On prend les VTT en 4ieme position, mais on enchaîne vitesse grand V, pour repartir les premiers avec les VGA sur la VTT’O.

Charly est plus à l’aise et est même prêt à doubler les 2 briscards de VGA.

Je le tempère.

Quelques côtes et kilomètres plus loin, il était un peu dans le dur…Mais il résiste et serre les dents pour rester au contact de la première équipe tout au long de ces 18km.

On arrive sur la CO forêt au score de 1h30. Ravitaillement express et on repare seuls, à l’opposé des VGA que l’on ne reverra qu’après l’arrivée.
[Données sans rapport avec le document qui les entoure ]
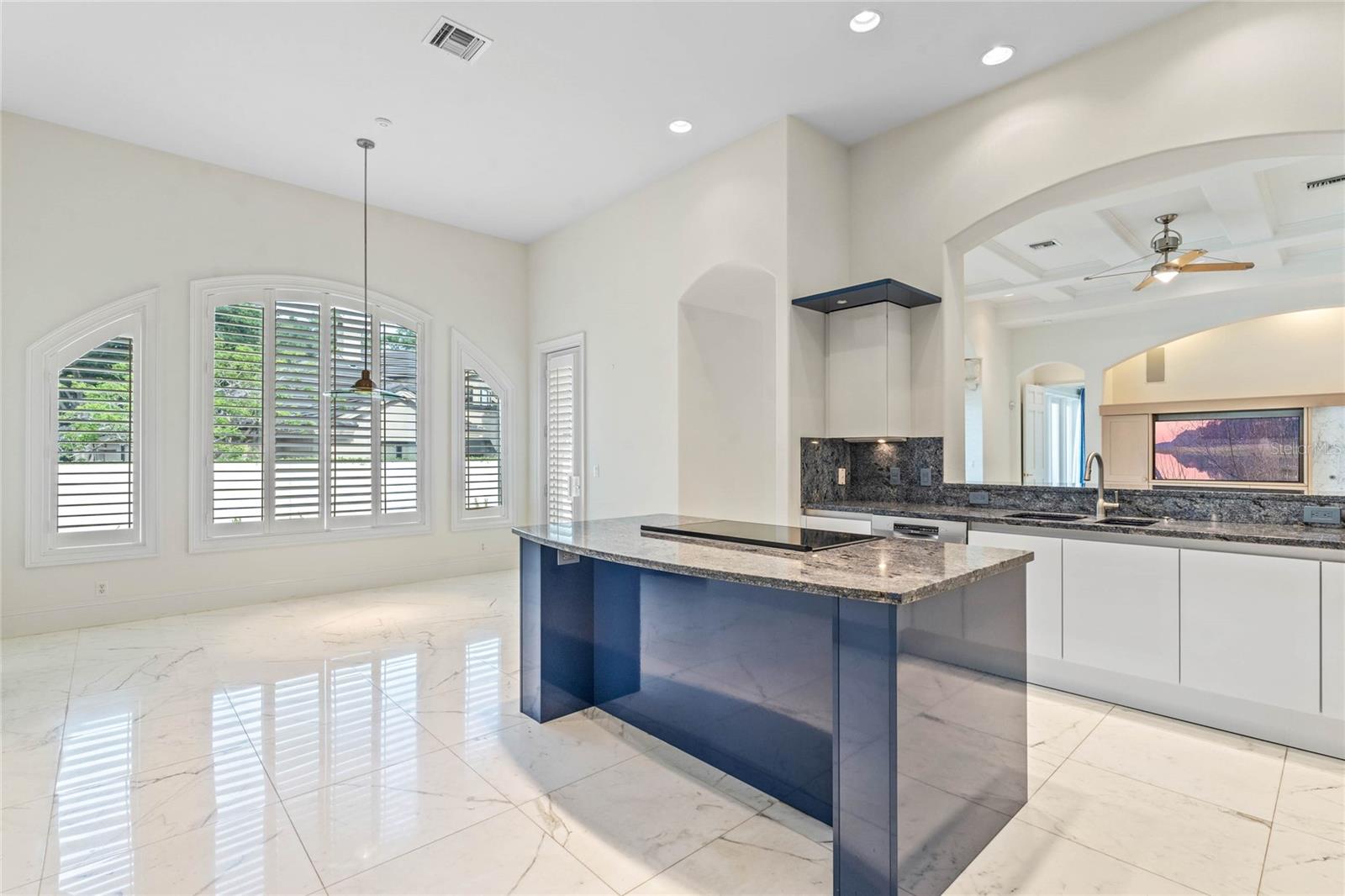 Image 26 of 31 For 9701 Lake Isleworth Court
On a chacun une carte, on se met d’accord sur l’enchaînement. Charly oriente bien. A la première balise, petite épreuve de sciage de bois et de tir à la carabine. Là encore, son manque de bras lui pose problème, et cette épreuve lui demande encore un bel effort à accomplir. Pour la carabine, comme il a les bras tétanisés, je m’en charge : One Shot !

Les postes du reste de la CO s’enchaînent bien. Juste 2 ou 3 minutes perdues en bout de carte, à cause d’un chemin plus visible car envahi par la végétation. Les sorties de dépressions ou les montées de petites falaises commencent à tirer dans les pattes de mon marcassin en milieu de CO, mais il se relance bien sur les derniers postes.

On boucle en 45 minutes environ. Les VGA sont déjà repartis depuis 5 minutes.

Pour la dernière section de VTT de 7 km, on déroule tranquille, sans erreur, car on sait que l’on ne pourra pas les rattraper.

On franchit donc la ligne en deuxième position, personnellement fier et heureux d’avoir partager ces moments inoubliables avec mon fils : Un grand Merci aux organisateurs !

Reste à Chraly, à préparer ses vannes pour Lundi et ses 2 profs que l’on a trouvés très performants… à la tireuse !…

RAID ARA 2019 : La fin d’une époque…

Début mai 2019, un message de Vaness arrive sur mon (LKT) portable : « T’es partant pour faire l’ARA avec moi ? »

J’avais pris la décision, après mon dernier raid des sérials que je ne ferai les raids que pour accompagner la nouvelle génération, mais plus pour se tirer la bourre et jouer les podiums. Vaness ne fait pas partie de la génération montante, mais j’ai tellement de bons souvenirs à l’ARA en 2009, 2010, 2011, 2012, 2013 et 2014, que j’accepte quand même , sous réserve qu’elle n’ai pas d’ambitions de résultats car j’ai banni le mot entrainement de mon vocabulaire depuis plus d’un an. Elle fait donc contre mauvaise fortune bon coeur et se contente de ça, Ju ne voulant pas, de toute façon, participer à un raid en orientation : « Tant qu’à jardiner, il préfère que ce soit avec ses 2 327 512 pieds de tomates. »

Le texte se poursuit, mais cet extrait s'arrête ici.